Global exporters and consumers would benefit to the tune of billions of dollars from the removal of import restrictions on beef, while the Australian beef industry would gain around $419 million.

This was the valuable message emanating from Stage 1 of the Magellan Project, ‘State of play and who gains‘ in global beef liberalisation, launched on industry’s behalf by Australia’s Minister for Agriculture at the Cairns Group Farm Leaders’ meeting in Punta del Esta, Uruguay, this week.

Cattle Council President, Peter Milne, said Stage 1 of the project would provide the beef industries of the world with an important platform from which to lobby for free trade.

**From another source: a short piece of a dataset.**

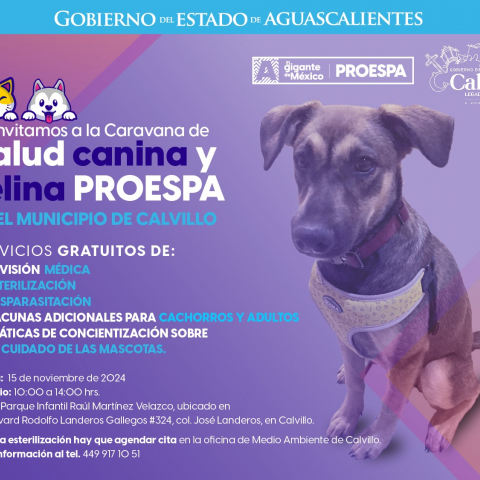 Caravana de la Salud Canina y Felina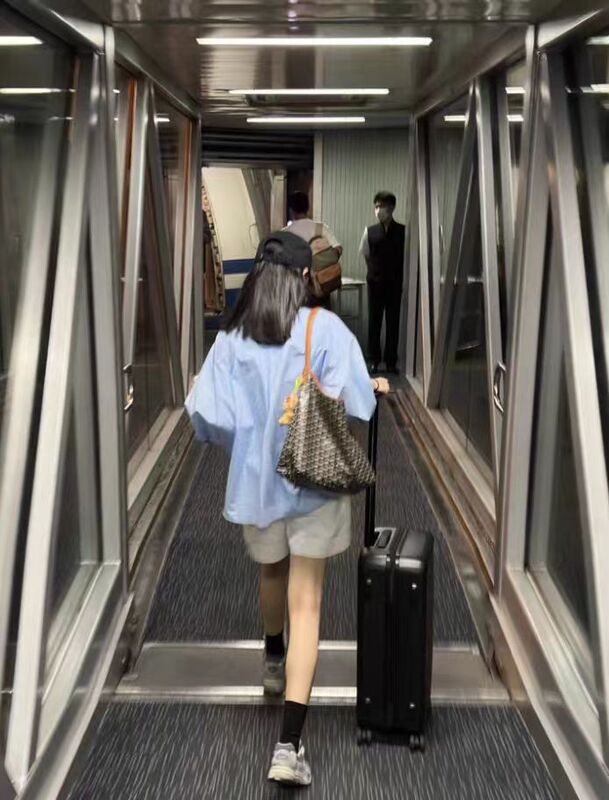 高バージョン新型hobo腋窩バッグファスナー大容量シングル肩手提げ犬歯tote子母レジ袋女性バッグ|undefined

“When complete, the Magellan Project, launched at the last Five Nations Beef Conference hosted by Australia in 2000, will provide us with a clear picture of the benefits to beef exporting nations of liberalising currently highly restrictive beef markets of the world.

“The Australian beef industry is currently hampered by tariffs and quotas to several international markets including the major markets of Japan, the United States, European Union and China. Australian specialist beef cattle producers would enjoy an average increase in receipts of around A$14,824 per property per year if all quotas and tariffs for Australian red meat exports were removed.

“Declining consumption of beef and beef products is a major issue facing beef-producing countries. The situation is aggravated as consumers are forced to pay higher prices for beef by countries limiting trade through barriers. Japanese consumers alone would save over US$8 billion through the removal of Japan’s 38.5% tariff on imported product, therefore providing them with the opportunity to increase their beef purchases with these savings.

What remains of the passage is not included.